*WHAT YOU ARE ASKED TO DO*:
Tally the lines below that hold the string "Fathers", and report the tally by itself.

##########

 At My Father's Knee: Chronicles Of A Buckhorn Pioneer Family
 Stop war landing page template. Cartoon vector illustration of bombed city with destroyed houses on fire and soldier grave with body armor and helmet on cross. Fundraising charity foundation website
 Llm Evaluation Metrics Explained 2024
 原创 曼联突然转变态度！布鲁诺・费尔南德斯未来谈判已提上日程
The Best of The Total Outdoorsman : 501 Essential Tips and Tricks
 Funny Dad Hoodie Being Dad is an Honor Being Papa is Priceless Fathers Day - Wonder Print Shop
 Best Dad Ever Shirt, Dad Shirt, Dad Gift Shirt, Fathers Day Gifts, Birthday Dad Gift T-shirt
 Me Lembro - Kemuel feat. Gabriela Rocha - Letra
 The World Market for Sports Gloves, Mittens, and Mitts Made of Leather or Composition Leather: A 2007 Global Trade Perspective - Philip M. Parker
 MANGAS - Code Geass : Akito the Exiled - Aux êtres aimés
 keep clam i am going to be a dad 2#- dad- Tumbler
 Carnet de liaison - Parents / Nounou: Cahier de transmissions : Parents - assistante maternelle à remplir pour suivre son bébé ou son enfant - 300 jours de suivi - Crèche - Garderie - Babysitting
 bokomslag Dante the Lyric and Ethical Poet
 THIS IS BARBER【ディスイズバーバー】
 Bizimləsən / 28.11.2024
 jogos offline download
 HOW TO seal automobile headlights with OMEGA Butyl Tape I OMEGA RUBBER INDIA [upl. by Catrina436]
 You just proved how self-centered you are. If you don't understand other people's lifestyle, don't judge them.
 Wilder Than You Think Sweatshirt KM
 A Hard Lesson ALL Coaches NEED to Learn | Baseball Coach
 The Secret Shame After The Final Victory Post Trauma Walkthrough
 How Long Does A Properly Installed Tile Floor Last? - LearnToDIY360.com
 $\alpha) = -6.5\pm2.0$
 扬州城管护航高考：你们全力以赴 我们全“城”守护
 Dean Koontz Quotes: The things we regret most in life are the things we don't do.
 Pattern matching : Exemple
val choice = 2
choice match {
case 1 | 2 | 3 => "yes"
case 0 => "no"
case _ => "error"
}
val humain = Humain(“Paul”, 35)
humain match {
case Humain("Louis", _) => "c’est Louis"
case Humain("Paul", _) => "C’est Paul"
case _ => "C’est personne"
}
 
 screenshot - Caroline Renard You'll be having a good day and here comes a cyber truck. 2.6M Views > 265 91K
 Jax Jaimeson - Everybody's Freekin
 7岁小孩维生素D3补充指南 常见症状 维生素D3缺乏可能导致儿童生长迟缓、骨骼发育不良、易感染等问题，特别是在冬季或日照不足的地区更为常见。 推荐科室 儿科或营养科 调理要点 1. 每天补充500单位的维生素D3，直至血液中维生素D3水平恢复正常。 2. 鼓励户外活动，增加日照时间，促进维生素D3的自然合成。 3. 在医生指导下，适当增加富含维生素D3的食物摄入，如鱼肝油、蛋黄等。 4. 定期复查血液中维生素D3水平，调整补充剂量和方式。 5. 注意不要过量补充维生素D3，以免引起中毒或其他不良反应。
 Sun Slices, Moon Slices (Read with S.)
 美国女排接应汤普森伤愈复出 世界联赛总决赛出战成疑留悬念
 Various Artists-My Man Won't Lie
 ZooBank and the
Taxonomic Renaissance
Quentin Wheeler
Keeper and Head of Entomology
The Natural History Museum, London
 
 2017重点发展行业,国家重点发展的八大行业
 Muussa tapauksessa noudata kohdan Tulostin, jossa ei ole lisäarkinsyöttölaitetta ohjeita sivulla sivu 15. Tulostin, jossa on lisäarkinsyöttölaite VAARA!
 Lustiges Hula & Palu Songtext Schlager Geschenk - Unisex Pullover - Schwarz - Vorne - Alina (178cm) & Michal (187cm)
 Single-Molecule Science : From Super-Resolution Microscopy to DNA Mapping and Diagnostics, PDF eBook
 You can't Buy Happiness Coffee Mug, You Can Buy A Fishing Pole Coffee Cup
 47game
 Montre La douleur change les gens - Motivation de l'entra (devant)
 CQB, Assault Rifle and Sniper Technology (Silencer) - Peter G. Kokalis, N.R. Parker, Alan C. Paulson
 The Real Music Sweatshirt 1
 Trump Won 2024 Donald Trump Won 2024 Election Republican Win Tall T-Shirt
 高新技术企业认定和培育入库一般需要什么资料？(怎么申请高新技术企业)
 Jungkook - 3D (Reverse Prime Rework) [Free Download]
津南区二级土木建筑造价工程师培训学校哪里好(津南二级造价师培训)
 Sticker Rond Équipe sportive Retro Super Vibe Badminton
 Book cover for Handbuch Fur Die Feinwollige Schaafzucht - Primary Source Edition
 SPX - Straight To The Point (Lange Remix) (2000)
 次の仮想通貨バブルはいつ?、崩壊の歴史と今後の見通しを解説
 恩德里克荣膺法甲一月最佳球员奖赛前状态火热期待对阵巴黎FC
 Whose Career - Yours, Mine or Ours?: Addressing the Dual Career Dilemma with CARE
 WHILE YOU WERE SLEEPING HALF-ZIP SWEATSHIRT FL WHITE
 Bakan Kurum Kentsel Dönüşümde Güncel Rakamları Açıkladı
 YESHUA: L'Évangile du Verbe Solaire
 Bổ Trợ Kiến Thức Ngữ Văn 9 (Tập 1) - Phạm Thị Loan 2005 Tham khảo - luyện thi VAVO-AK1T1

##########

*REPLY TO THE EXERCISE*:
2